The needed output is the run of lines below from the one containing "L'investissement socialement responsable" through the one containing "Samsung RS61781GDSR/EO manual", copied exactly and free of pictures.

====== LISTED RECORDS ======

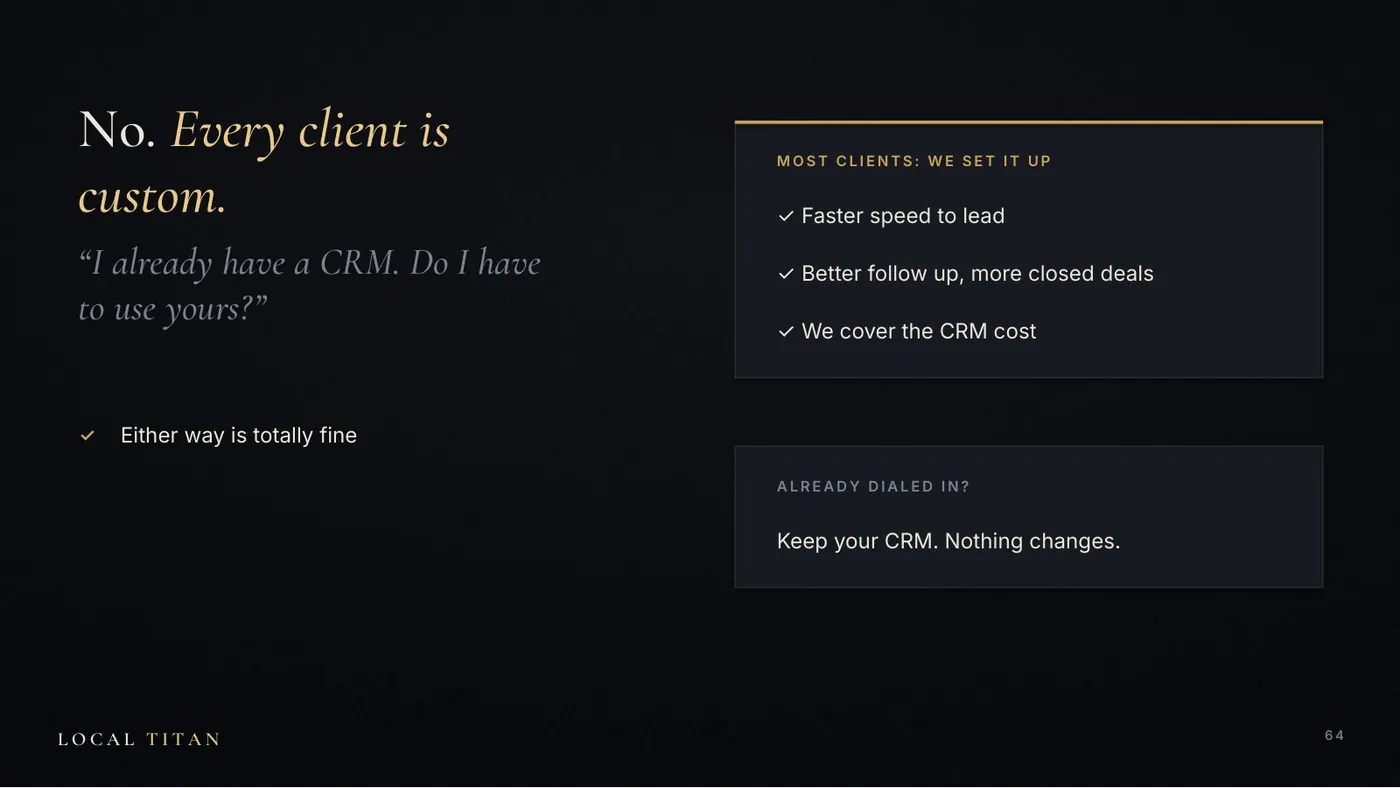 Slide: No. Every client is custom. Most clients: we set it up, faster speed to lead, better follow up, we cover the CRM cost. Already dialed in? Keep your CRM.
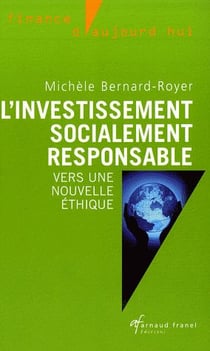 L'investissement socialement responsable - vers une nouvelle éthique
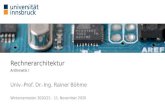Rechnerarchitektur · Arithmetik I · 2021. 1. 30. · Rechnerarchitektur Arithmetik I Univ.-Prof. Dr.-Ing. Rainer Böhme Wintersemester 2020/21 11. November 2020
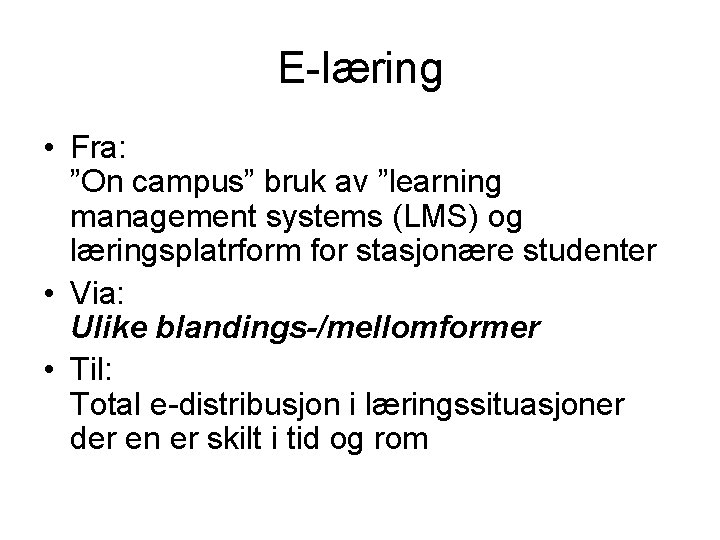 E-læring • Fra: ”On campus” bruk av ”learning management systems (LMS) og læringsplatrform for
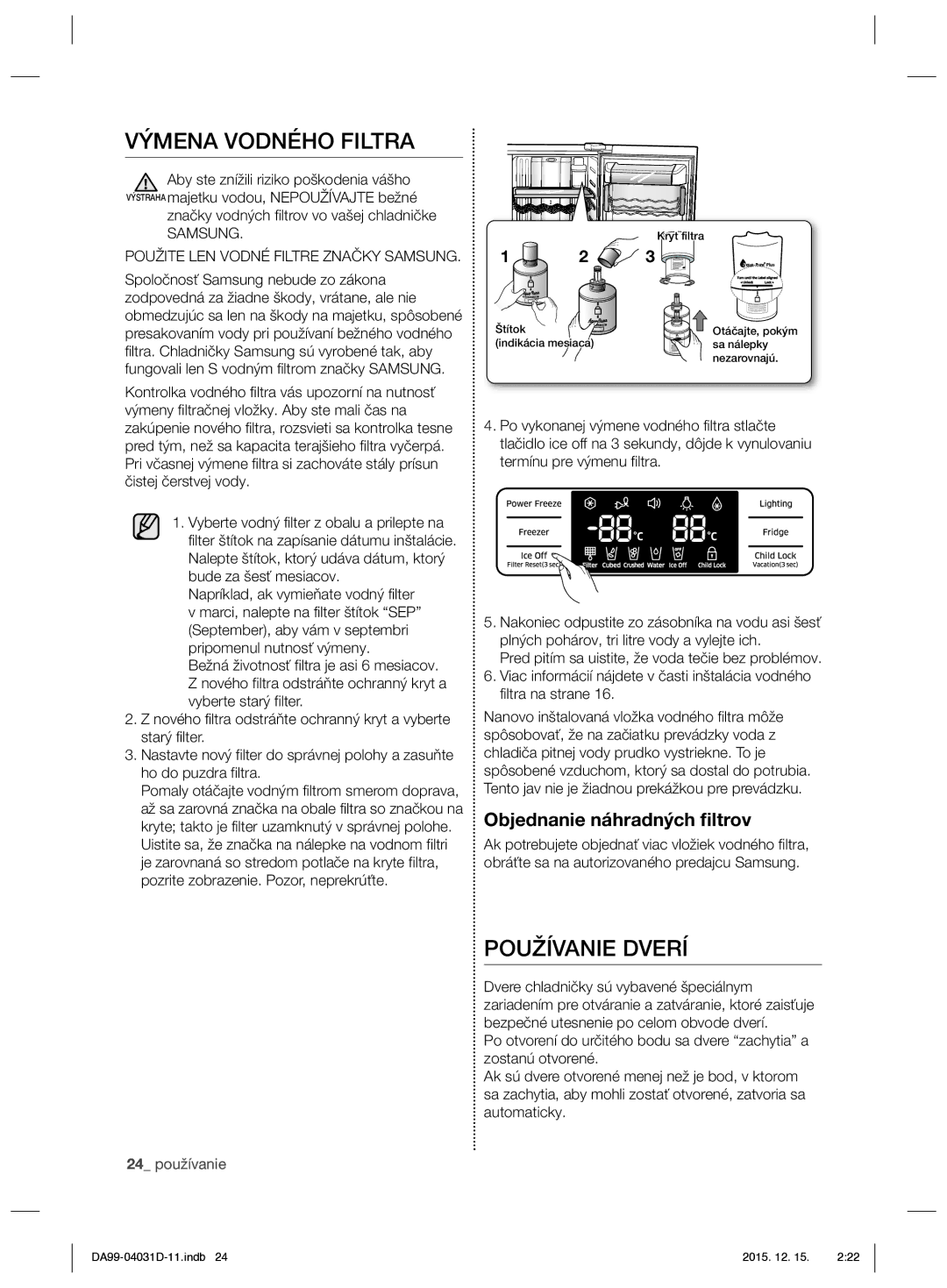 Samsung RS61781GDSR/EO manual Výmena Vodného Filtra, Používanie Dverí, Objednanie náhradných ﬁltrov 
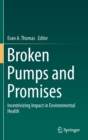 Image for Broken pumps and promises  : incentivizing impact in environmental health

======

**ANSWER SECTION**.
 L'investissement socialement responsable - vers une nouvelle éthique
Rechnerarchitektur · Arithmetik I · 2021. 1. 30. · Rechnerarchitektur Arithmetik I Univ.-Prof. Dr.-Ing. Rainer Böhme Wintersemester 2020/21 11. November 2020
 E-læring • Fra: ”On campus” bruk av ”learning management systems (LMS) og læringsplatrform for
 Samsung RS61781GDSR/EO manual Výmena Vodného Filtra, Používanie Dverí, Objednanie náhradných ﬁltrov 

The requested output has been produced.